Qu’est-ce que la rupture conventionnelle ?
La rupture conventionnelle est un dispositif prévu par le Code du travail (articles L. 1237-11 à L. 1237-16). Elle permet à un employeur et à un salarié en CDI de convenir ensemble des conditions de la fin de leur relation de travail. Ce n’est ni un licenciement, ni une démission : c’est une troisième voie, née d’un accord mutuel.
Qui peut bénéficier de la rupture conventionnelle ?
La rupture conventionnelle est ouverte à tous les salariés titulaires d’un contrat à durée indéterminée (CDI), qu’ils soient en période d’essai ou non. En revanche, elle est exclue dans certains cas :
- Les salariés en CDD ne peuvent pas y recourir (sauf dispositif spécifique de rupture conventionnelle collective)
- Elle ne peut pas être imposée à un salarié protégé sans autorisation de l’inspection du travail
- Elle ne s’applique pas aux fonctionnaires (sauf dispositif particulier)
Pourquoi choisir la rupture conventionnelle ?
Pour le salarié, la rupture conventionnelle présente un avantage majeur : il a droit aux allocations chômage (ARE), contrairement à une démission classique. Pour l’employeur, elle permet d’éviter les risques contentieux liés à un licenciement. Les deux parties négocient librement les conditions de départ, notamment le montant de l’indemnité spécifique de rupture.
Les étapes obligatoires de la procédure de rupture conventionnelle
La rupture conventionnelle ne s’improvise pas.

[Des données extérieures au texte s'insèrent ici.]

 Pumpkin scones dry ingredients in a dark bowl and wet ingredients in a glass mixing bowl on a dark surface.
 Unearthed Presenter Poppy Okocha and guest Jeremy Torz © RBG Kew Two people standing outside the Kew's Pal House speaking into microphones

Elle suit un processus réglementé, étape par étape, dont le non-respect peut entraîner la nullité de la convention.
Étape 1 : L’entretien préalable
Avant toute chose, au moins un entretien doit avoir lieu entre l’employeur et le salarié. Cet entretien a pour but de discuter des conditions de la rupture : date de fin du contrat, montant de l’indemnité, etc.
Points importants à retenir :
- Il n’y a pas de délai légal imposé entre la convocation et l’entretien (contrairement au licenciement)

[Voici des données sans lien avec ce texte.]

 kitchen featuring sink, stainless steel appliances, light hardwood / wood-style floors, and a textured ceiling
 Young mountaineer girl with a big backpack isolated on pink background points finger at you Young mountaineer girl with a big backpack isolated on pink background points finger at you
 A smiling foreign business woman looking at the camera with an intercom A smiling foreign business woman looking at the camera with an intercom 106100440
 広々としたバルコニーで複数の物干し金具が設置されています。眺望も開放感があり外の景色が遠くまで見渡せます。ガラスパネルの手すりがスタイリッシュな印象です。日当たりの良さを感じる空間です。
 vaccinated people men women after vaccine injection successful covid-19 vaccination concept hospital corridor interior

- Le salarié peut se faire assister par un membre du personnel de l’entreprise ou, si l’entreprise n’a pas de représentants du personnel, par un conseiller du salarié
- L’employeur peut également se faire assister, à condition d’en informer le salarié au préalable
Étape 2 : La rédaction et la signature de la convention
À l’issue de l’entretien (ou des entretiens), une convention de rupture est rédigée et signée par les deux parties. C’est ce document — souvent appelé à tort “lettre de rupture conventionnelle” — qui formalise l’accord.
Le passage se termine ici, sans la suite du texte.